_Exercise data_
☆ ☆ ☆ ☆ ☆
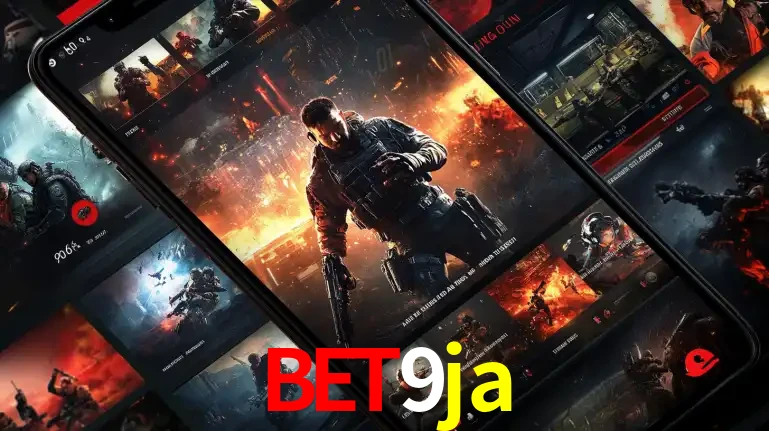 Tela de um celular exibindo uma galeria de jogos de tiro com temática militar, mostrando a variedade de e-sports disponíveis para apostas na plataforma de entretenimento bet9ja.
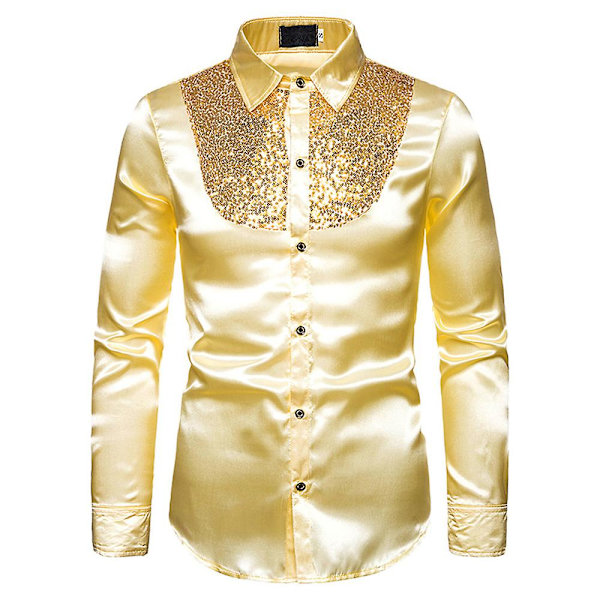 Män Glittrande paljetter Button-down Slim Fit Formella skjortor Party Evening Långärmad Klänning Skjorta Topp Golden 2XL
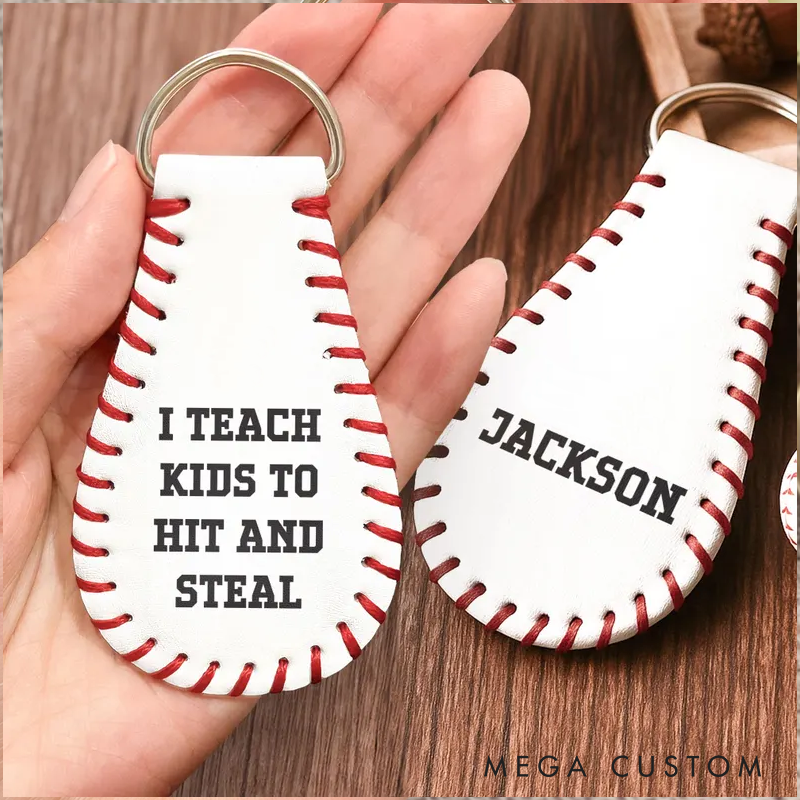 Personalized Leather Baseball Keychain Custom Bag Tag Set for Players Gift for Coach Gifts for Baseball Fans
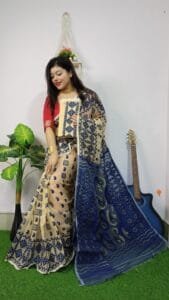 Dark Beige Anchol Kolka Jamdani Sari Allover Work With Blouse Piece - Image 2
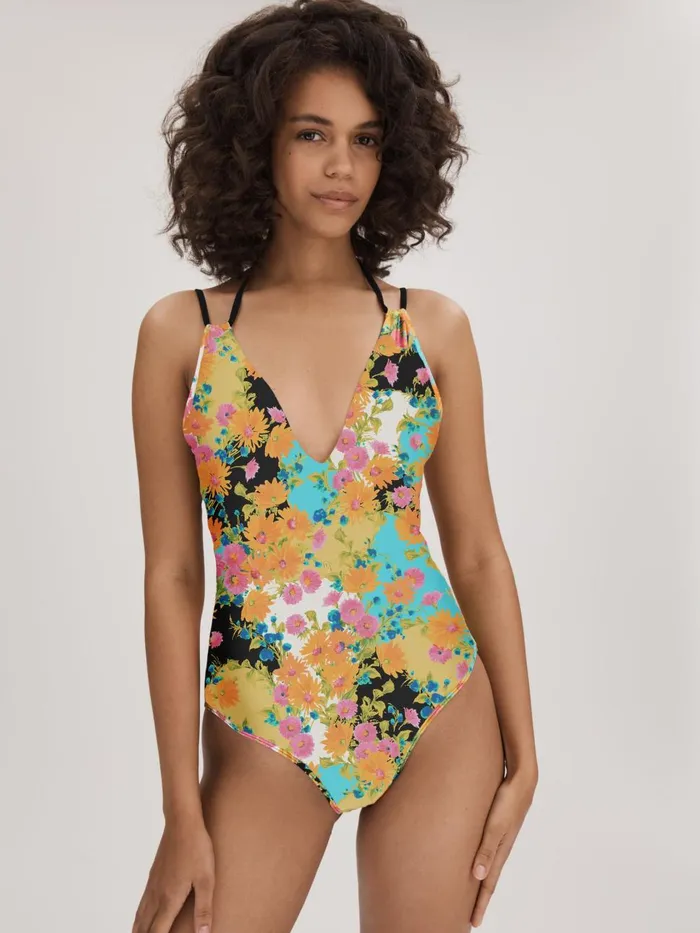 Women Reiss Swimwear Printed Dual Strap Swimsuit Multi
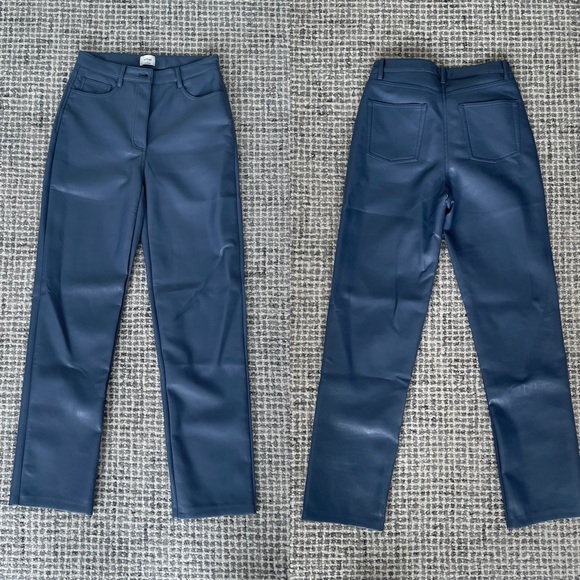 Aritzia Pants & Jumpsuits Blue Vegan Leather Pants Melinda Pant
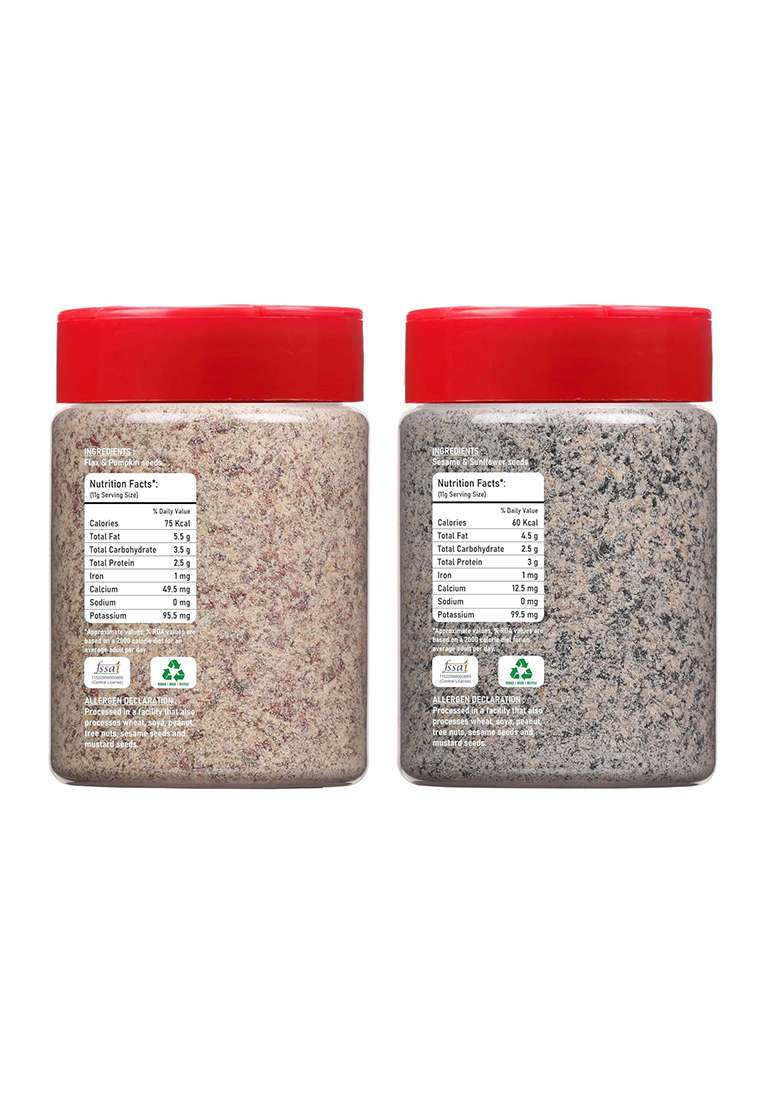 The Chef Co. & Acw Combo Of Phase 1 (150Gm) And 2 (130Gm) | Seed Cycling Mix Flax Seeds Pumpkin Blend Sesame Sunflower 100% Natural Healthy Snack - Indya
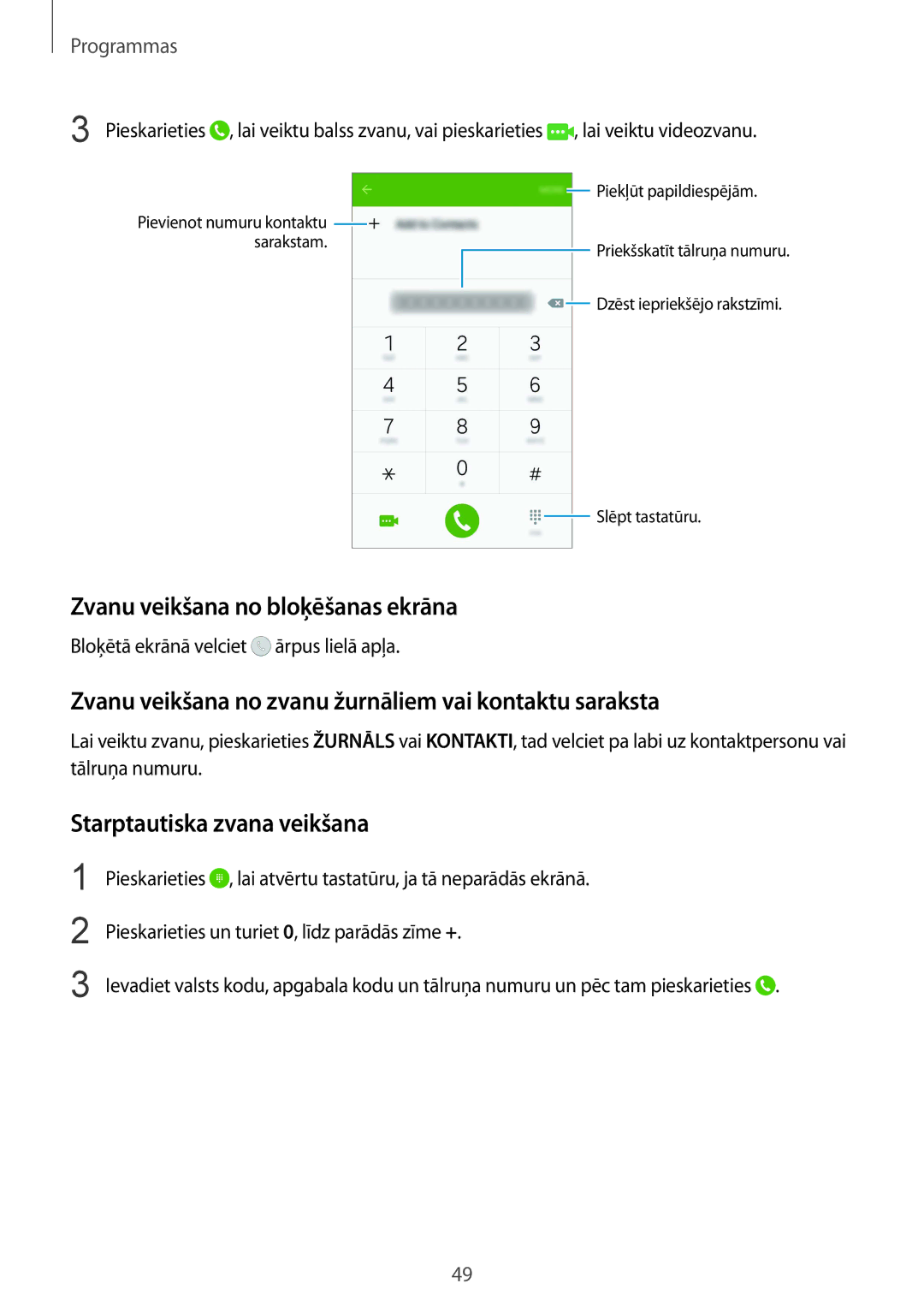 Samsung SM-G920FZBASEB manual Zvanu veikšana no bloķēšanas ekrāna, Zvanu veikšana no zvanu žurnāliem vai kontaktu saraksta 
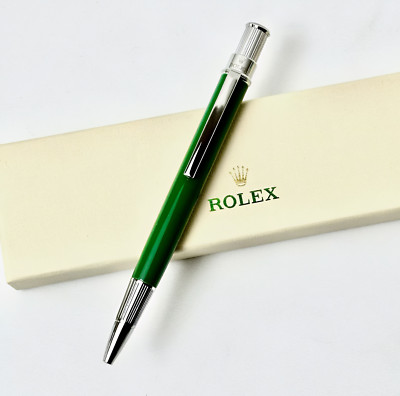 Original Rolex Emerald Oyster Ballpoint Click Pen-Edition Felt Bag-AD VIP GIFT 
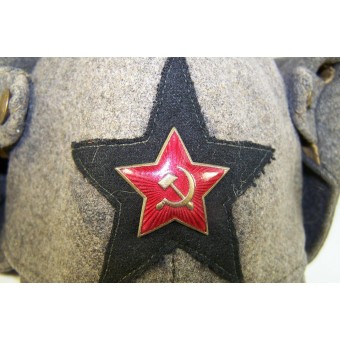 Зимний суконный шлем М 27 для бронетанковых частей и артиллерии  РККА - Будённовка. Espenlaub militaria
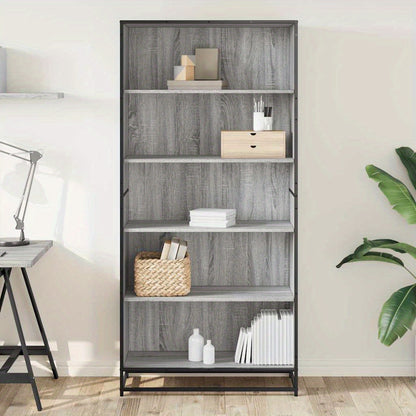 [Versatile Use] Stylish Gray Sonoma Oak Bookcase - 3-Section Vertical Shelving Unit with Black Metal Frame, Smooth & Moisture-Proof Wood, Ample Storage for Living Room, Office, or Study - Perfect for Books, Decor, and Essenti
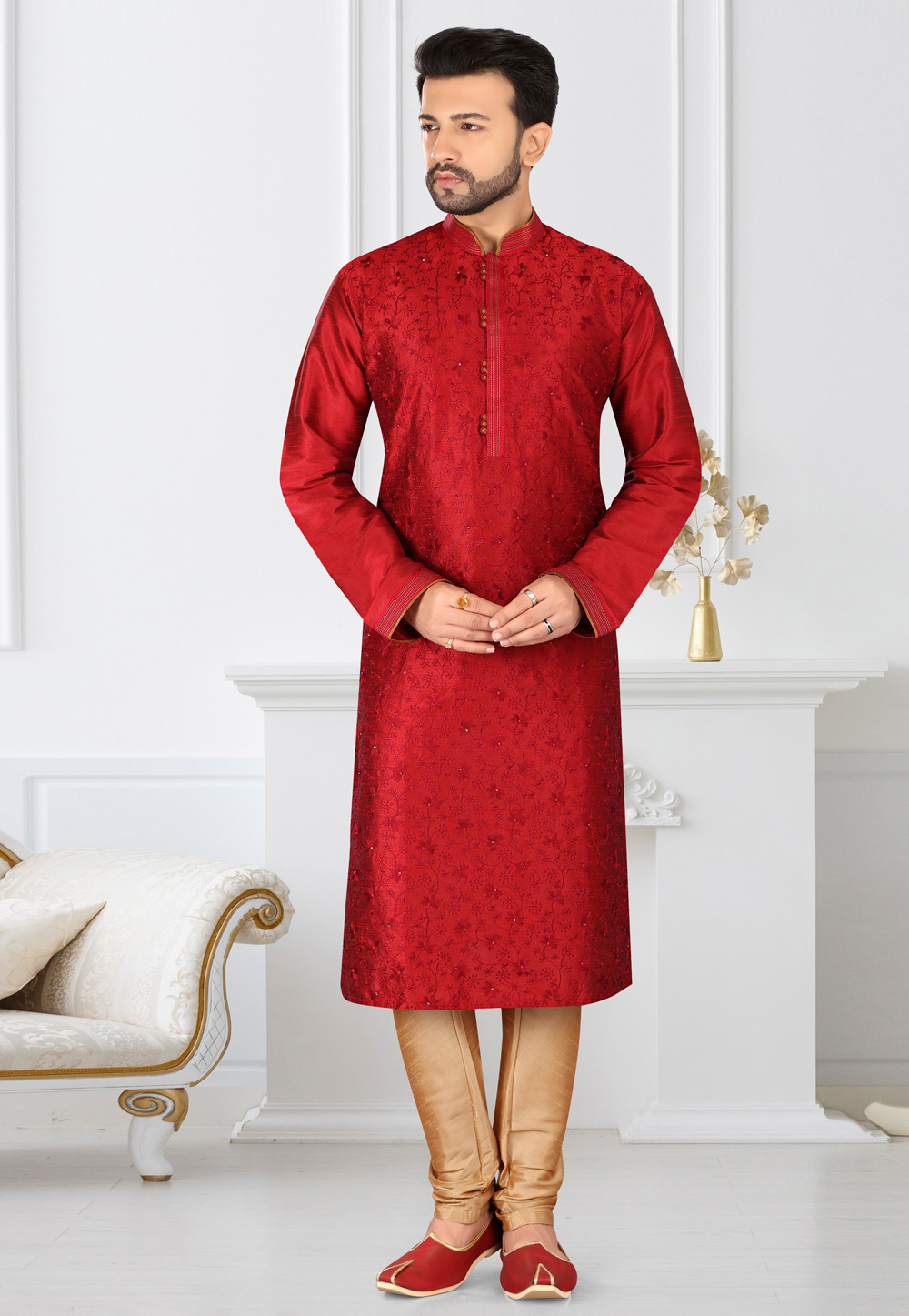 Red Banarasi Silk Kurta Pajama 233582
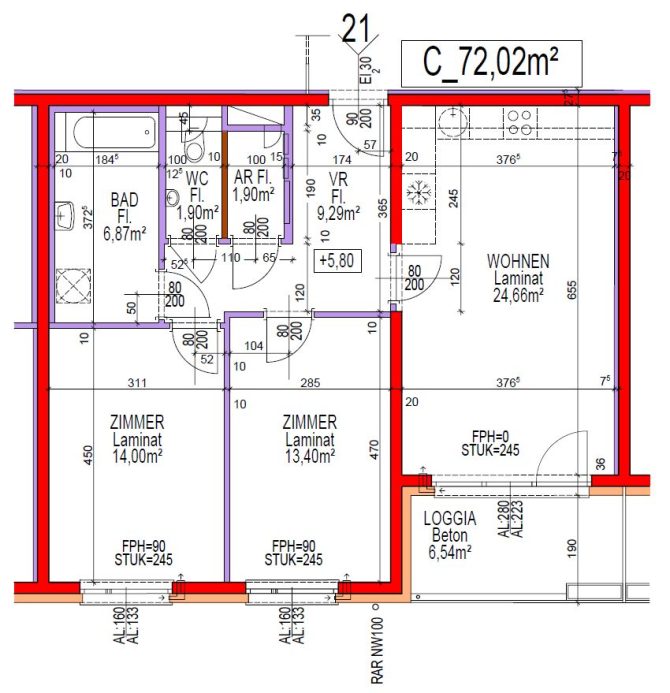 Wohnungsgrundriss mit Zimmern, Bad, WC und Loggia, Gesamtfläche 72,02 m².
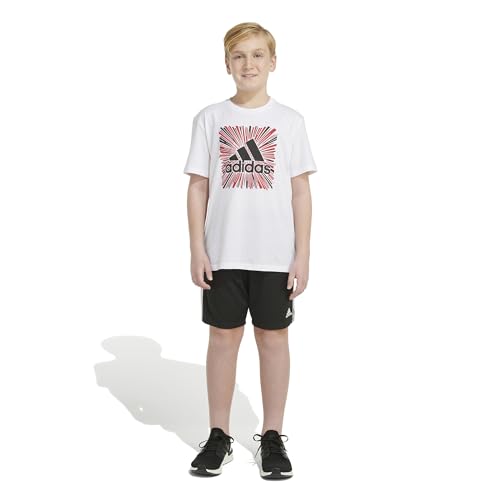 adidas Boys' Short Sleeve Cotton Blocked Bos Logo T-Shirt3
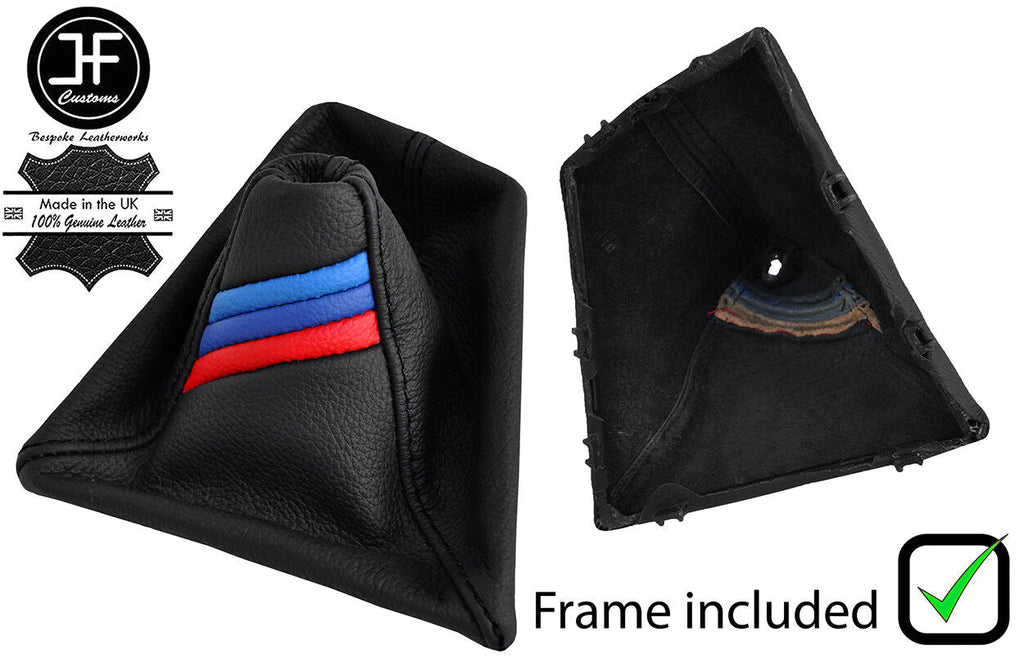 BLACK STITCH TRI STRIPE LEATHER GEAR GAITER+PLASTIC FRAME FOR BMW F20 F21 11-17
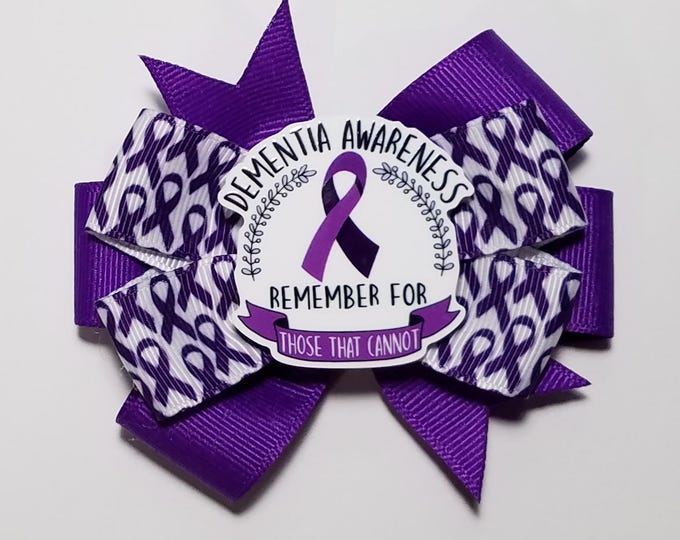 3.5" Dementia Purple Awareness Ribbon Hair Bow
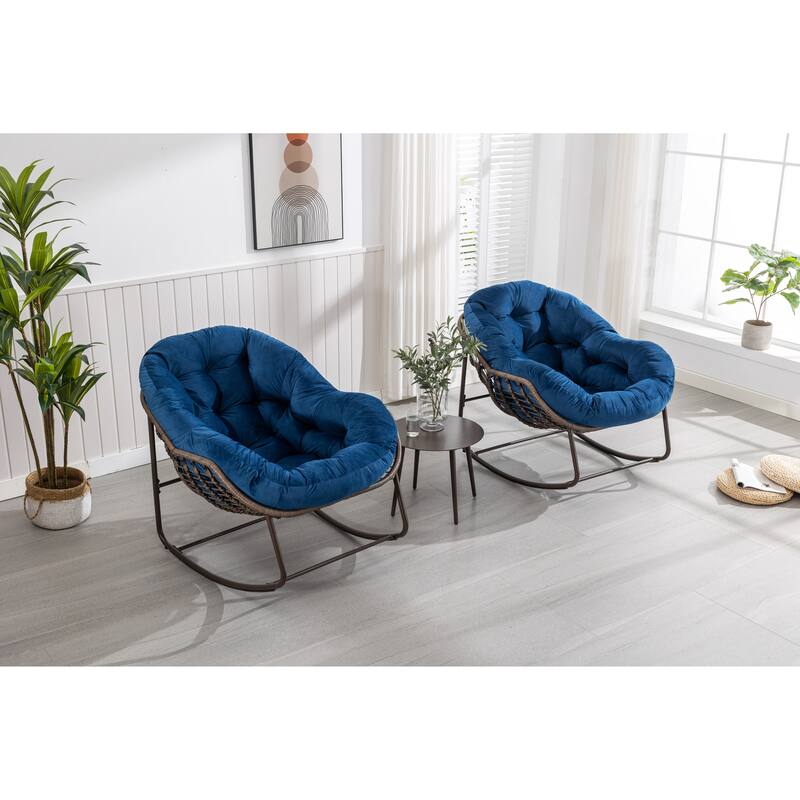 37.2" Rocking Chair with Steel Frame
☆ ☆ ☆ ☆ ☆
_Your goal_
Transcribe all of the listing precisely. The images stay out of it.

_Answer box_
 Tela de um celular exibindo uma galeria de jogos de tiro com temática militar, mostrando a variedade de e-sports disponíveis para apostas na plataforma de entretenimento bet9ja.
 Män Glittrande paljetter Button-down Slim Fit Formella skjortor Party Evening Långärmad Klänning Skjorta Topp Golden 2XL
 Personalized Leather Baseball Keychain Custom Bag Tag Set for Players Gift for Coach Gifts for Baseball Fans
 Dark Beige Anchol Kolka Jamdani Sari Allover Work With Blouse Piece - Image 2
 Women Reiss Swimwear Printed Dual Strap Swimsuit Multi
 Aritzia Pants & Jumpsuits Blue Vegan Leather Pants Melinda Pant
 The Chef Co. & Acw Combo Of Phase 1 (150Gm) And 2 (130Gm) | Seed Cycling Mix Flax Seeds Pumpkin Blend Sesame Sunflower 100% Natural Healthy Snack - Indya
 Samsung SM-G920FZBASEB manual Zvanu veikšana no bloķēšanas ekrāna, Zvanu veikšana no zvanu žurnāliem vai kontaktu saraksta 
 Original Rolex Emerald Oyster Ballpoint Click Pen-Edition Felt Bag-AD VIP GIFT 
 Зимний суконный шлем М 27 для бронетанковых частей и артиллерии  РККА - Будённовка. Espenlaub militaria
 [Versatile Use] Stylish Gray Sonoma Oak Bookcase - 3-Section Vertical Shelving Unit with Black Metal Frame, Smooth & Moisture-Proof Wood, Ample Storage for Living Room, Office, or Study - Perfect for Books, Decor, and Essenti
 Red Banarasi Silk Kurta Pajama 233582
 Wohnungsgrundriss mit Zimmern, Bad, WC und Loggia, Gesamtfläche 72,02 m².
 adidas Boys' Short Sleeve Cotton Blocked Bos Logo T-Shirt3
 BLACK STITCH TRI STRIPE LEATHER GEAR GAITER+PLASTIC FRAME FOR BMW F20 F21 11-17
 3.5" Dementia Purple Awareness Ribbon Hair Bow
 37.2" Rocking Chair with Steel Frame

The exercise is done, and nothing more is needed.